Deputy Prime Minister Ali Babacan has again expressed his concern over the rule of law in Turkey, suggesting that the country could end up craving the current status of its democracy and economy in the near future if the judicial situation further deteriorates.
“Democracy can only survive with a solid legal system in place. A healthy democracy cannot be sustained in a state where you think ‘this country is democratic, but there are some problems with the rule of law.’ If the rules are not clear and transparent, if they are not enforced on those who break the law, if the judiciary is not properly functioning, democracy will likely fail,” Babacan said on May 13, referring to Turkey.
Speaking at the “Bab-ı Ali [Sublime Porte] Meetings” organized by a Turkish think tank bearing the same name, Babacan stressed that a dysfunctional legal system also hurts a country’s business environment. He said rulings reached after prolonged court processes, which are often later reversed by higher courts, damage legal certainty.

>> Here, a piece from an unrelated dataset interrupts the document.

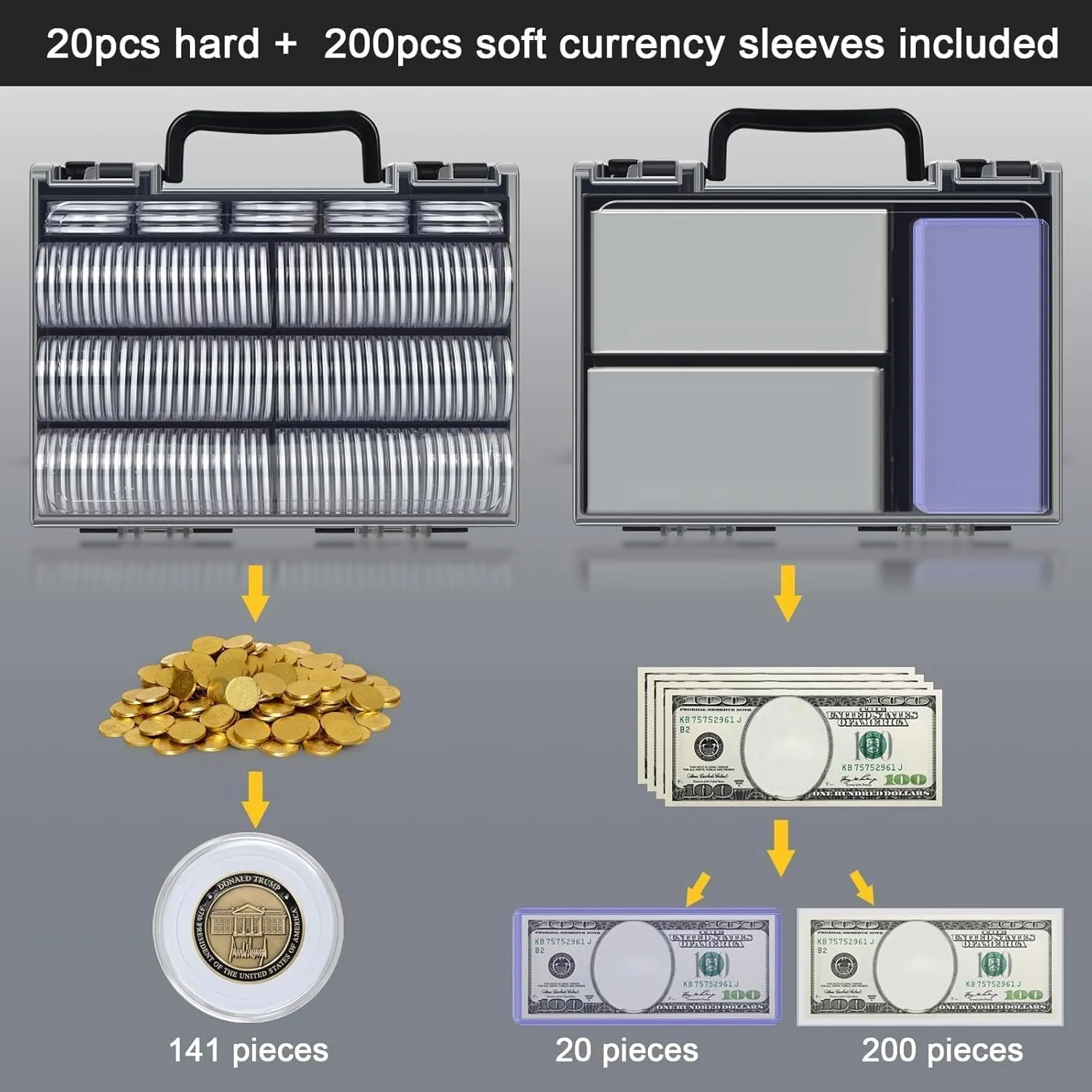 Coins Collector Case Holder Coin Capsules 46mm with 6 Sizes Foam Gasket (141 Pcs), Hard Paper Currency Sleeves (20 Pcs), Soft Dollar Bill Sleeves (200 Pcs) Storage Organizer Box (Black)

“We want a system based on universal law. We want our constitution to be simple, clear and easily comprehensible. Moreover, we say that our legal system has to operate in an objective and independent manner” the deputy prime minister said.
Babacan is widely seen as Turkey’s economy tsar, but he will not be running for parliament in next month’s general election due to the ruling Justice and Development Party’s (AKP) three-term rule, which restricts the mandate of AKP MPs to three consecutive terms in parliament.
Babacan’s position within the AKP has come under increasing scrutiny this year, amid President Tayyip Erdoğan’s continuous criticism of Turkish Central Bank Governor Erdem Başçı, who Babacan recommended for the position and whose decisions he has defended.